Meghan McCain delivered a fierce and emotional tribute to her late father, Sen. John McCain, in her eulogy at his memorial service, which also served as a powerful admonishment of the president and his political style.
Meghan McCain didn’t name President Donald Trump as she spoke at the Washington National Cathedral on Saturday, but the target of her message was clear.
“The America of John McCain is generous and welcoming and bold,” Meghan McCain said. “She is resourceful and confident and secure. She meets her responsibilities. She speaks quietly because she is strong. America does not boast because she has no need to.
“The America of John McCain has no need to be great again because America was always great.”

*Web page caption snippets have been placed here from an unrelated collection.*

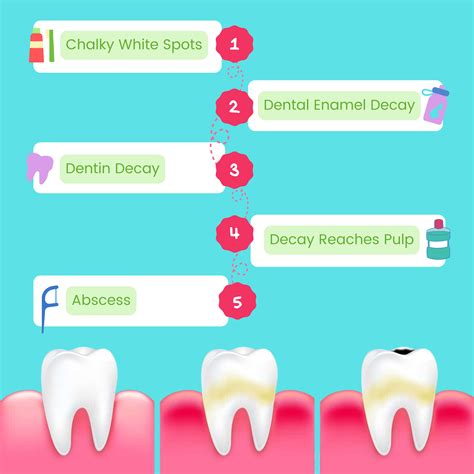 The Stages of Tooth Decay - Walton Blvd Dental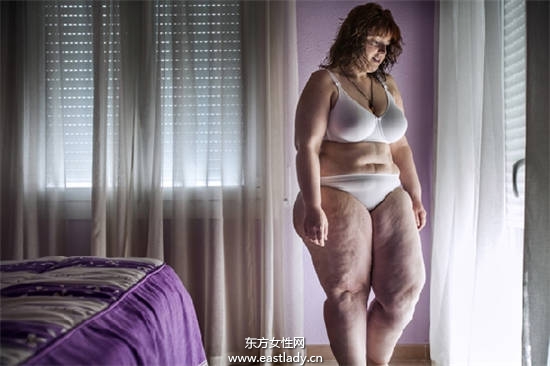 120公斤胖妹做胃绕道减肥手术暴减50公斤恢复自信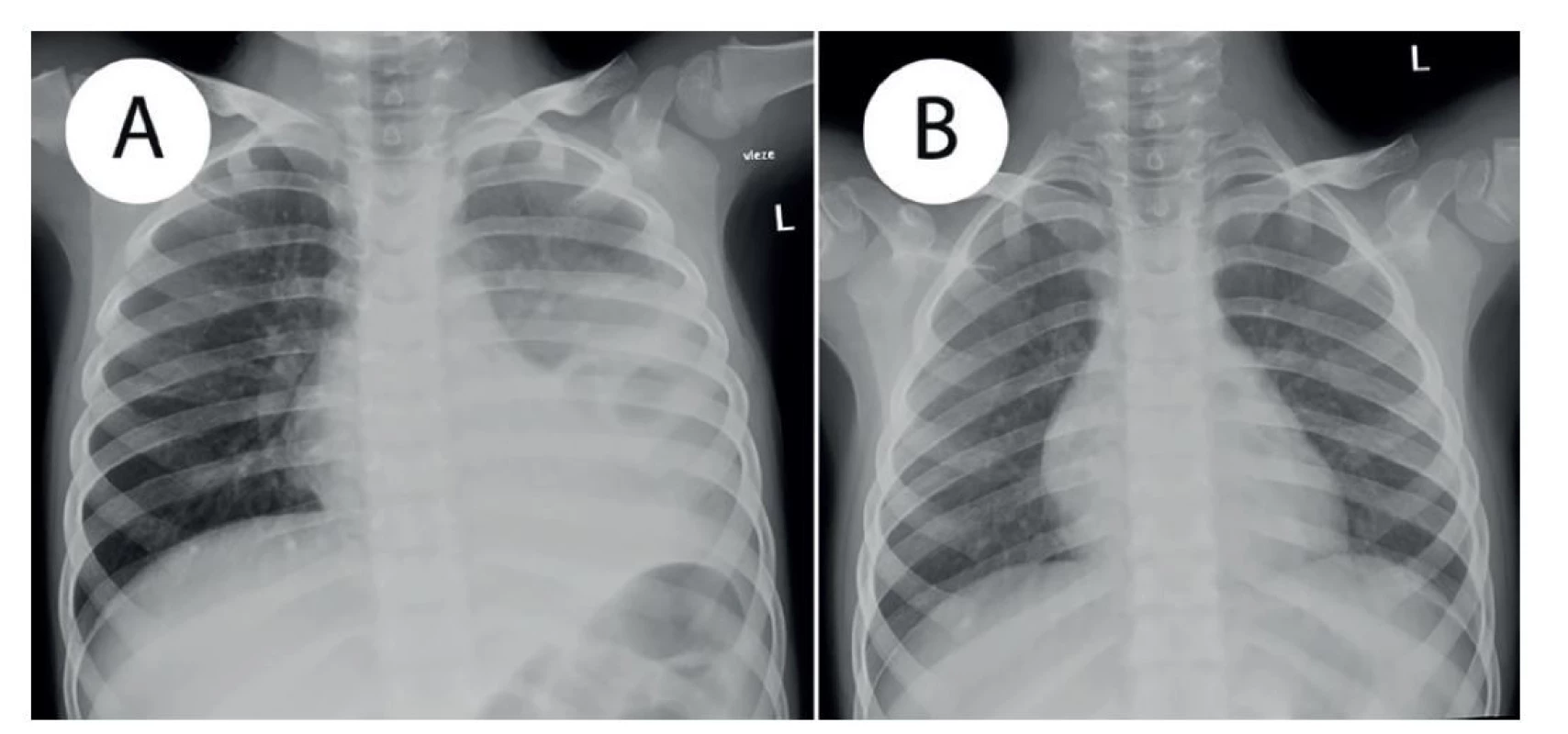 a) Prostý RTG snímek hrudníku v AP projekci, vleže − st. p. levostranné pleuropneumonii s parciálním provzdušněním
horního a středního plicního pole, b) Prostý RTG snímek hrudníku v AP proj., vleže − kontrolní snímek
4 měsíce po prodělané levostranné pleuropneumonii, restituce ad integrum.<br>
Fig. 3: a) Plain chest radiograph, AP view, supine − st. p. left sided pleuropneumonia with a partial improvement of
aeration in the upper and middle lobes; b) Plain chest radiograph, AP view, supine − FU examination 4 months after
left sided pleuropneumonia; complete normalization of the findings.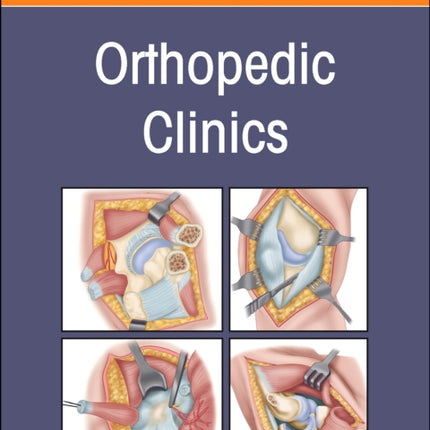 Infections An Issue of Orthopedic Clinics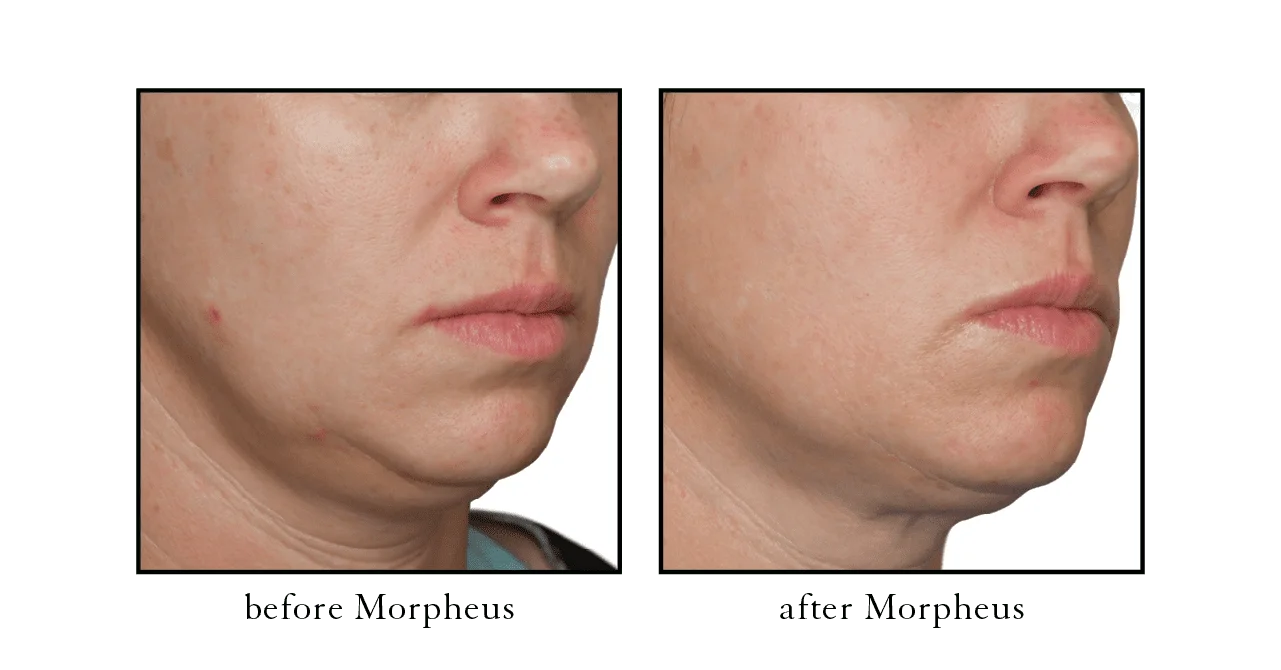 morpheus face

Trump did not attend the service, having been asked to stay away from all events during McCain’s five-day, cross-country procession. However, Ivanka Trump, the president’s daughter, and her husband, Jared Kushner, were present for Meghan McCain’s remarks.
“We gather here to mourn the passing of American greatness,” McCain began. “The real thing, not cheap rhetoric from men who will never come near the sacrifice he gave so willingly nor the opportunistic appropriation of those who lived lives of comfort and privilege while he suffered and served.”
John McCain was a veteran of the Vietnam War and spent five and a half years as a prisoner of war after his plane was shot down in 1967.
On Saturday, the procession leading to the cathedral stopped at the Vietnam Veterans Memorial where his wife, Cindy McCain, laid a ceremonial wreath.
Trump received five deferments from the Vietnam draft for bone spurs in his heels. McCain criticized Americans “from the highest income level” for that very deferment last year, although he did not name the president in his remarks.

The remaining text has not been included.